# Negotiating sex.....



## lovemylife (Feb 13, 2012)

I found this video of Dodson and Ross that discusses negotiating sex. I just had to share this.

Negotiating Sex - YouTube

Do you negotiate sex?
What does this type of negotiation look like for you?


----------



## committed4ever (Nov 13, 2012)

lovemylife said:


> I found this video of Dodson and Ross that discusses negotiating sex. I just had to share this.
> 
> Negotiating Sex - YouTube
> 
> ...


They took to long to get to the point. But me and H don't really negotiate sex. We just do it.
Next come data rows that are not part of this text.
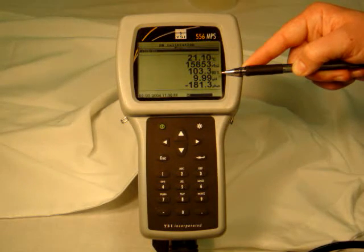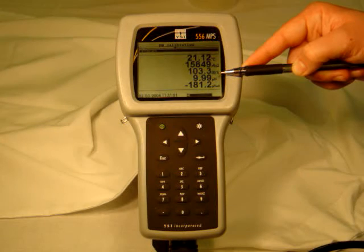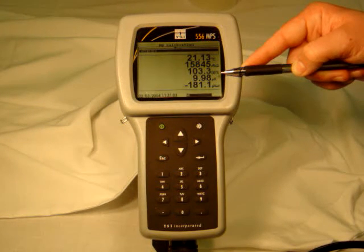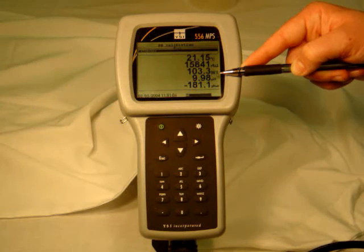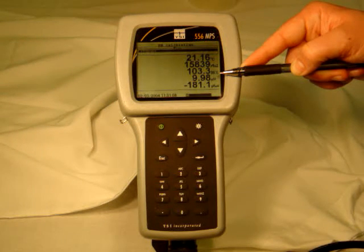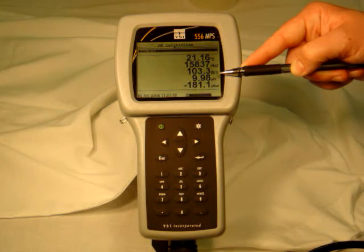It's a big fog. Stabilizing now. See, it's actually not changing the pH — the temperature's changing, so it's the compensation that's changing it. As the temperature goes up, the pH is dropping, isn't it?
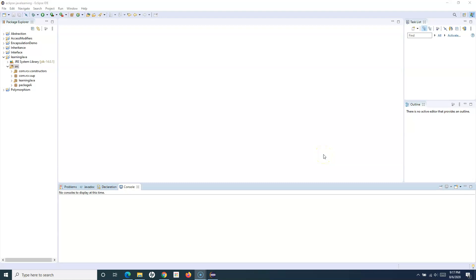Hello everyone, welcome to another Java for Testers tutorial. In this tutorial we are going to learn about the final keyword in Java. The final keyword is an important keyword — you need to remember and learn the details of where to use it and what it does. The final keyword is used to restrict the user, and you can use it with a variable, with a method, and with the class itself.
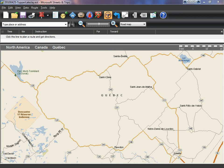In this small tutorial I'll show you how to create a route from Microsoft Street and Trips 2010, save it on your computer, open it in Garmin Mapsource and then send it to your Garmin GPS.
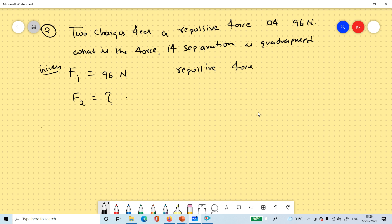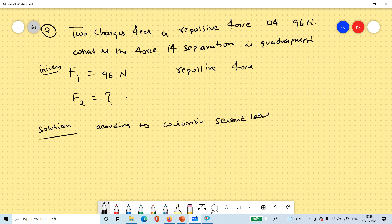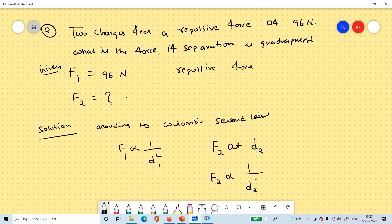According to Coulomb's second law, force is inversely proportional to d squared. So F1 is proportional to 1 over d1 squared, and F2 is proportional to 1 over d2 squared, where d2 is four times d1 since separation is quadrupled.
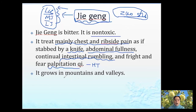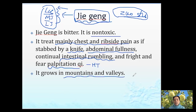Jie geng is a very commonly used herb — you can find it in many formulas — and mainly goes to the lung, but truly treats some other conditions too. Most herbs we just find in the mountain and valley.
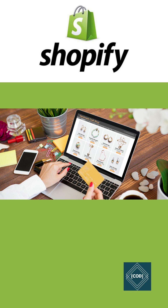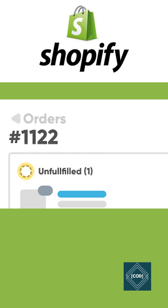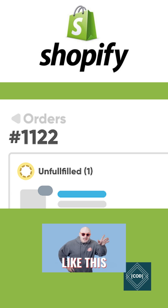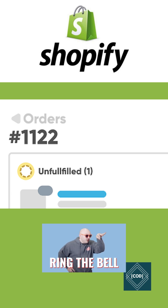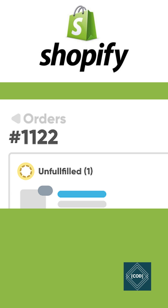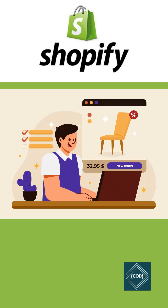When a customer buys something from your online store, it appears as a new order in the order page of Shopify. When you receive an online order, you receive a new order notification by email. The order page of Shopify shows the new order, and the customer receives an order confirmation email.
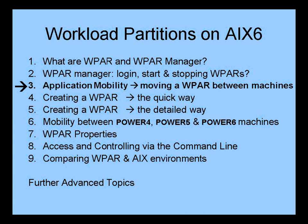In the next movie, we use application mobility to relocate a workload partition between two machines.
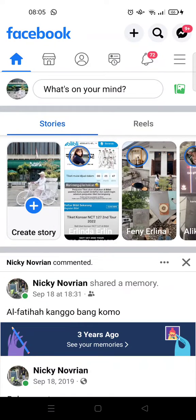Hi everyone, back with me again in this channel. In this video I'm going to show you how to add multiple photos on Facebook story, so if you guys didn't know, you can now add more than one photo to your Facebook story.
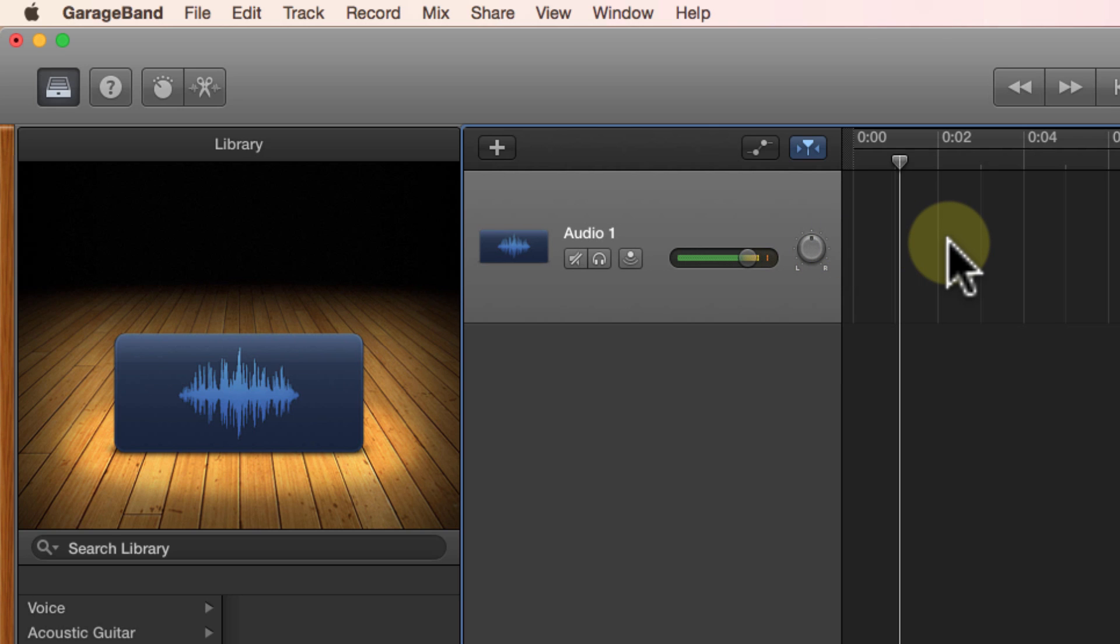At this point we're ready to start recording so go ahead and go to part three and we'll talk about how to begin the voice track in GarageBand.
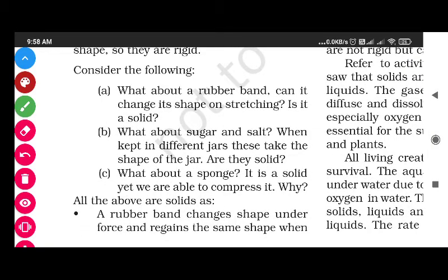Now consider the following special cases. Can a rubber band change its shape on stretching - is it a solid? Yes, it is a solid. What about sugar and salt - when kept in different jars they take the shape of the jar, are they solid? Yes, they are also solids. And what about a sponge? It is soft, yet it is a solid. Rubber band, sugar, salt, and sponge are all solids even though they may not seem rigid.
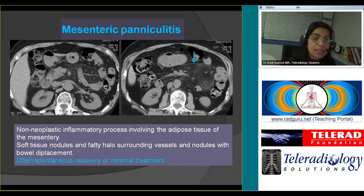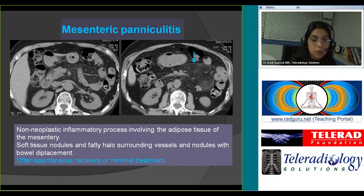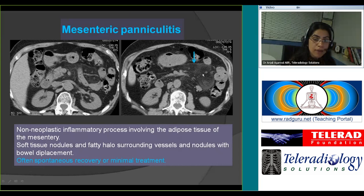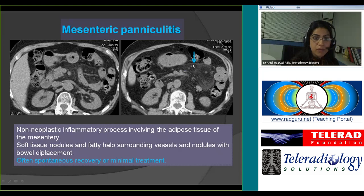Another frequently seen entity is mesenteric panniculitis, which is also a non-surgical entity with spontaneous recovery or minimal treatment. You can see fat stranding in the mesentery with soft tissue nodules that have a fatty halo, and this fatty lesion has mass effect — you'll see an ill-defined rim around it with displaced bowel loops.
He start taking my clothes off and it's on.


----------



## mablenc (Feb 26, 2013)

No way, that takes too much time way from sex. 
joking aside, sex should come naturally as a way to express love, and fulfill needs.


----------



## RedRose14 (Aug 15, 2013)

Thanks for posting that link LML.

Isn't Betty fantastic?! I also watched the video of the menopausal vagina .... I know I know, I keep going on and on about it, it's a bit of an obsession for me at the moment.

But listen to 84 year old Betty enthusing about having lovely orgasms with her favourite dildo ... there's hope for us all ladies:smthumbup:

Anyway, back to negotiating sex ... the key is communicating with your partner ... what you like/don't like/how often etc and putting in the effort to enjoying each other and making each other happy


----------